Status as of Saturday, August 26, 2017
Posted: Sat Aug 26, 2017 7:39 am
Good morning!
- Chris has been focusing on network issues over the past day. We believe that connectivity issues are responsible for almost all problems with the system at present.
- So far, he fixed three issues. First, he found that Javapipe was blocking connections to DNS servers other than 8.8.8.8, so when something tried to connect to the backup nameserver, a long delay occurred. By removing the backup nameservers from the configuration, there is no longer a delay before a retry attempt is made to the primary nameserver.
- Second, he found that since Javapipe doesn't support ipV6, and the nameserver was resolving names to ipV6 addresses, services would try to connect to those addresses and be unable to do so. Chris disabled ipV6 on all servers and now DNS lookups always return ipV4 addresses. That results in fewer connectivity issues on ipV6-primary connections.
- Third, there was one IP address that was uploading a huge amount of data to the webserver for an unknown reason.
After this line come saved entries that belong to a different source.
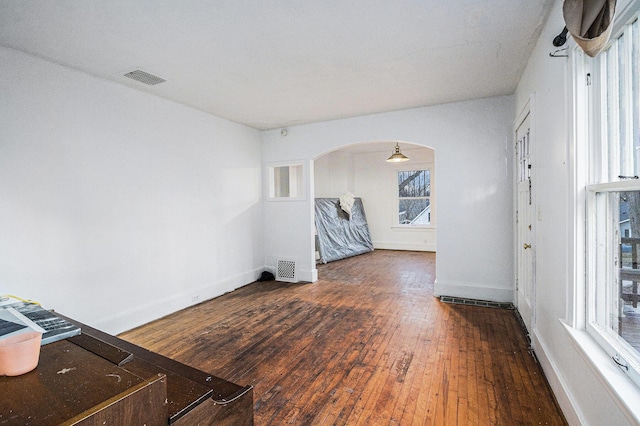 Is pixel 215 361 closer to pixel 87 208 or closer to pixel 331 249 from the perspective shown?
pixel 87 208

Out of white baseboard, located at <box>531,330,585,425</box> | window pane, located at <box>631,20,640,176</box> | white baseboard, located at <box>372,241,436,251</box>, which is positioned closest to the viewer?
window pane, located at <box>631,20,640,176</box>

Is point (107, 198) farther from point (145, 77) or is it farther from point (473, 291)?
Answer: point (473, 291)

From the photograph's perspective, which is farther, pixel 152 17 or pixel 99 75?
pixel 99 75

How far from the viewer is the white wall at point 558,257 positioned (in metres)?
1.54

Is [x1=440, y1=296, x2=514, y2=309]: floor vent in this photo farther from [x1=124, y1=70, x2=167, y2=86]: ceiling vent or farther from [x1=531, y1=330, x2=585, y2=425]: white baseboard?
[x1=124, y1=70, x2=167, y2=86]: ceiling vent

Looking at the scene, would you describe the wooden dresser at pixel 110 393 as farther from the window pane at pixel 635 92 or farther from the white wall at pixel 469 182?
the white wall at pixel 469 182

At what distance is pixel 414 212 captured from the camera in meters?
8.27

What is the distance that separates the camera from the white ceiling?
2.13m

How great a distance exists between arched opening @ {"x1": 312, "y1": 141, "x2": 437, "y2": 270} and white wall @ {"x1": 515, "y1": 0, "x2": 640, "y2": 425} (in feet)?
17.3

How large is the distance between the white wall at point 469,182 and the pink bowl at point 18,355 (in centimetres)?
429

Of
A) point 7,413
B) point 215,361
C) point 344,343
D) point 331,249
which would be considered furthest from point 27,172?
point 331,249

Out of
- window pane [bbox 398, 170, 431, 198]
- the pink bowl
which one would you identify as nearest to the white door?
the pink bowl

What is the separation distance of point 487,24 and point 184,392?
295cm

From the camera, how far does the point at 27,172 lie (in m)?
2.66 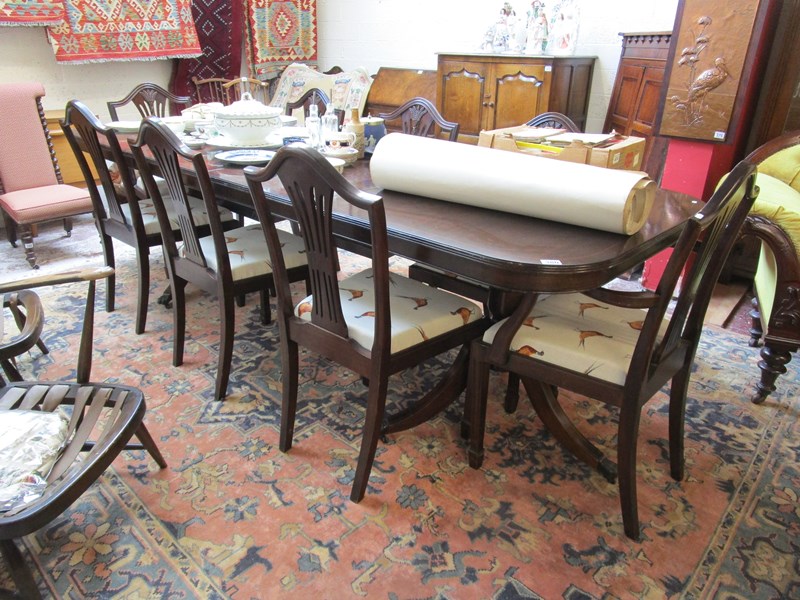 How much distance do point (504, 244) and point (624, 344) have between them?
440 mm

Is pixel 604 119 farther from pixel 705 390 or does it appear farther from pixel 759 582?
pixel 759 582

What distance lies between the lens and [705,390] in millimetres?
2150

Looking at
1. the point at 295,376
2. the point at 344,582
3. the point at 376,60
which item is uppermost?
the point at 376,60

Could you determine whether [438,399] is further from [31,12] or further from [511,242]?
[31,12]

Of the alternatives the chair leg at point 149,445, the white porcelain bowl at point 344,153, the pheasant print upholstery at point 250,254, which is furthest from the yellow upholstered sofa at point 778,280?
the chair leg at point 149,445

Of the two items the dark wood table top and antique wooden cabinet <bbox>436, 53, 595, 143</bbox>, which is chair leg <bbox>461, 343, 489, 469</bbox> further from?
antique wooden cabinet <bbox>436, 53, 595, 143</bbox>

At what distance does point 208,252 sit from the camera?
2.05 m

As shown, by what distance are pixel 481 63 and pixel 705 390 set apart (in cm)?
245

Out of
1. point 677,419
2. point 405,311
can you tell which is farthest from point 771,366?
point 405,311

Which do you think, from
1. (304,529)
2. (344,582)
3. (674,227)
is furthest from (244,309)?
(674,227)

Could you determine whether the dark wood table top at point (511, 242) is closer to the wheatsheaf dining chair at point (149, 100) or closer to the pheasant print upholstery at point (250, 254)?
the pheasant print upholstery at point (250, 254)

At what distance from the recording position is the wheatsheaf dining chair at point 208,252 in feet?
6.02

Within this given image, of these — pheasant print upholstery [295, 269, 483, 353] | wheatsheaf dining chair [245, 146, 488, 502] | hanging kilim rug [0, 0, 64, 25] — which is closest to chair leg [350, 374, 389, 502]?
wheatsheaf dining chair [245, 146, 488, 502]

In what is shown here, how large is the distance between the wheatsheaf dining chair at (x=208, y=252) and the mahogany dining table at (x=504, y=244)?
21 centimetres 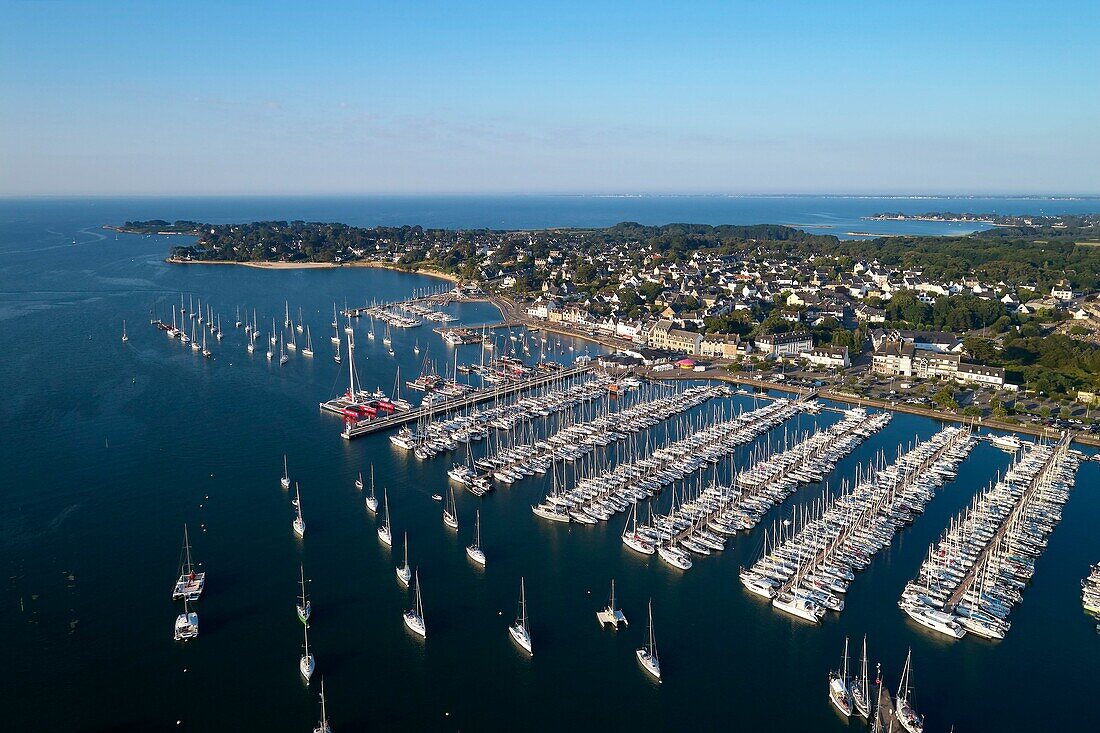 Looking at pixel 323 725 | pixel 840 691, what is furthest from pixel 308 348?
pixel 840 691

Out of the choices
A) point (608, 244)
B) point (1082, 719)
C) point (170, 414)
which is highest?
point (608, 244)

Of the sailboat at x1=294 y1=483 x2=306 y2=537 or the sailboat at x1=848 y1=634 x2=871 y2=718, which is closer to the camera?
the sailboat at x1=848 y1=634 x2=871 y2=718

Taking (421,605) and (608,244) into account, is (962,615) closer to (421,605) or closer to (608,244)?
(421,605)

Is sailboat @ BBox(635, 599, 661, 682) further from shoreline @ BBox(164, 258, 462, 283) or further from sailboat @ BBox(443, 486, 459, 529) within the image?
shoreline @ BBox(164, 258, 462, 283)

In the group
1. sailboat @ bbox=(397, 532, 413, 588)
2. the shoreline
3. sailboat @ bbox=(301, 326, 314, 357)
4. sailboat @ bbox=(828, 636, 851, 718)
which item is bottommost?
sailboat @ bbox=(828, 636, 851, 718)

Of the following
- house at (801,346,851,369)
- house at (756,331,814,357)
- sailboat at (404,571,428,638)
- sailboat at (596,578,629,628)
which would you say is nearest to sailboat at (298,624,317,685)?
sailboat at (404,571,428,638)

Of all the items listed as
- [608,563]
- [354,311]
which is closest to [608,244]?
[354,311] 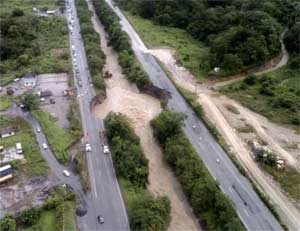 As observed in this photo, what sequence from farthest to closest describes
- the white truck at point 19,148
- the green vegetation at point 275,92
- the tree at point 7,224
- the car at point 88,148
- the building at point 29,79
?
1. the building at point 29,79
2. the green vegetation at point 275,92
3. the car at point 88,148
4. the white truck at point 19,148
5. the tree at point 7,224

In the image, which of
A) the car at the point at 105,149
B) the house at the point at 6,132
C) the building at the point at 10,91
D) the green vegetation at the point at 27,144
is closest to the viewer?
the green vegetation at the point at 27,144

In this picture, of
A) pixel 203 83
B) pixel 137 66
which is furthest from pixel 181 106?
pixel 137 66

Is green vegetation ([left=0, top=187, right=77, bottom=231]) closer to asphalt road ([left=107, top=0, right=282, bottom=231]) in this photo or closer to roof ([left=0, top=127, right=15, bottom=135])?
roof ([left=0, top=127, right=15, bottom=135])

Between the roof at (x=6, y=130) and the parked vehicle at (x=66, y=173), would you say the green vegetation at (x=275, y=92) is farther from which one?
the roof at (x=6, y=130)

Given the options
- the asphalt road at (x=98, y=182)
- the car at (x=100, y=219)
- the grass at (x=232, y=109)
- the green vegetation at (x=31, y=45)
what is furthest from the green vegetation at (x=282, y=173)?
the green vegetation at (x=31, y=45)

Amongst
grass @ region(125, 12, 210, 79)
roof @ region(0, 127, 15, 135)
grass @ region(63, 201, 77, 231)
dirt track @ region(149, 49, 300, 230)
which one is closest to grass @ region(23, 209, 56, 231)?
grass @ region(63, 201, 77, 231)

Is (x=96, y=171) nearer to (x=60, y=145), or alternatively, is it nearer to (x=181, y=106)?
(x=60, y=145) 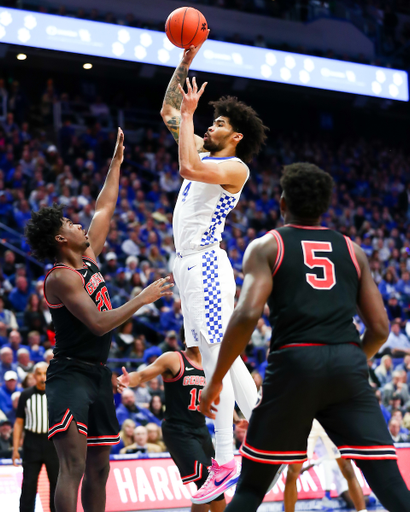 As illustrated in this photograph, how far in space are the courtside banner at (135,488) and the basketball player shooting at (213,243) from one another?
3.43 metres

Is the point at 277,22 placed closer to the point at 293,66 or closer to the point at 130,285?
the point at 293,66

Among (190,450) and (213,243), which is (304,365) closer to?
(213,243)

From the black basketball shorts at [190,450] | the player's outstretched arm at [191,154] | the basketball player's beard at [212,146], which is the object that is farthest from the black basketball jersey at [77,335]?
the black basketball shorts at [190,450]

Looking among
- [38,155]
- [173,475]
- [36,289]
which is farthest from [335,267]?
[38,155]

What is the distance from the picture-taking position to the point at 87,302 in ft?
14.2

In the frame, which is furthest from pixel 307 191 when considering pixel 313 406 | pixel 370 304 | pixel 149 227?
pixel 149 227

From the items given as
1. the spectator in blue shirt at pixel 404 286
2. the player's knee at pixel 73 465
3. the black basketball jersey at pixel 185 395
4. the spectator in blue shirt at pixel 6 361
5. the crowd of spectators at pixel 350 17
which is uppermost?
the crowd of spectators at pixel 350 17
He banned that address and added code to prevent that from happening again.
- He also discovered that Javapipe is having routing issues with its current datacenter, and that they are migrating customers to a new datacenter. They agreed to provide Chris with a second server in the new datacenter before other customers, and this new server has a third-generation processor instead of the first-generation processor the previous servers had. That means that OpenVPN will have a significant increase in performance, and the routing issues should disappear. This new server is not configured yet, however, because Chris will need more time this morning to finish the task. He expects to finish setup by tomorrow, and then transition to the new server. Chris's troubleshooting last night was responsible for a few server restarts.
- On the WAMP side, there are two fixes on which I am focusing. First, I'm creating additional "realms" so that CPU usage for WAMP can be distributed across more cores. Second, I'm going to resurrect the code for the "difference engine," which will reduce bandwidth usage for WAMP by a factor of 10. I hope to complete both of these fixes by the end of the weekend. TransportLost() exceptions have been causing unknown effects on profit recording.
- Once the WAMP issues are resolved, and the connectivity issues are fixed, then we will reevaluate and see whether share issues are still occurring and take further action there. At present, we can't perform a true investigation of the other issues because we need to rule out that disconnects are responsible for them.
- Chris completed the spreadsheet evaluation of future plans, but I still have to review it. I plan to do that next week after we get the connectivity issues fixed and WAMP resolved.
- To reduce confusion about the evaluation process, I created a FAQ and plan to post it later today. Tickets asking about future plans for the system will be directed to the FAQ. The FAQ might also be of interest to people here, as it will aggregate information into one location.